● The task: Your answer should be the exact lines of the data below from the one containing "New Design Fashion" through the one containing "The team page"; please include nothing else.

● Data for the task:
====
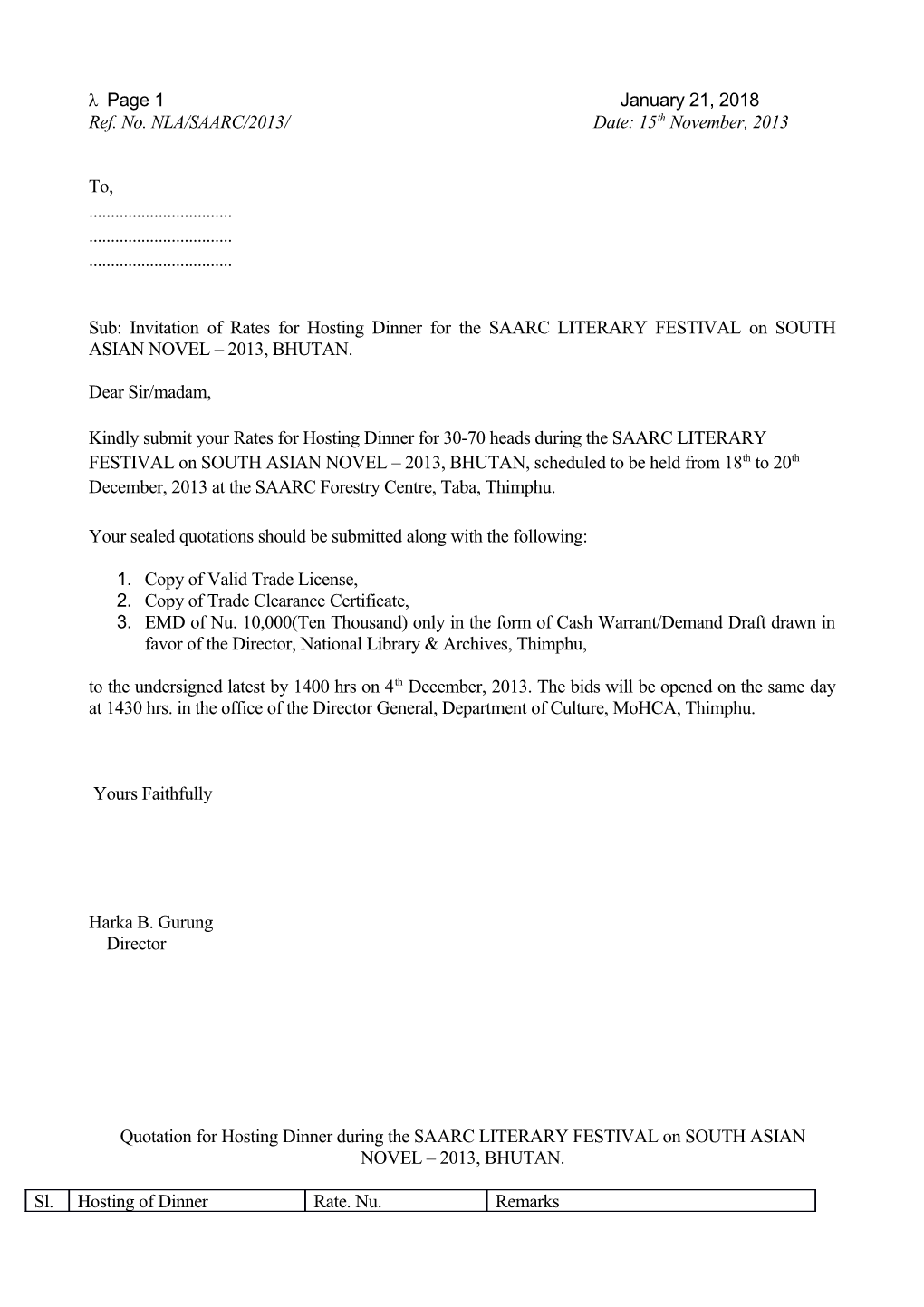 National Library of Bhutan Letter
====
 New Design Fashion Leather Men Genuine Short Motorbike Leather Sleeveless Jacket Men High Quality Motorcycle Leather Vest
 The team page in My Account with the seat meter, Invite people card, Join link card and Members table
====
● Answer box:
 New Design Fashion Leather Men Genuine Short Motorbike Leather Sleeveless Jacket Men High Quality Motorcycle Leather Vest
 The team page in My Account with the seat meter, Invite people card, Join link card and Members table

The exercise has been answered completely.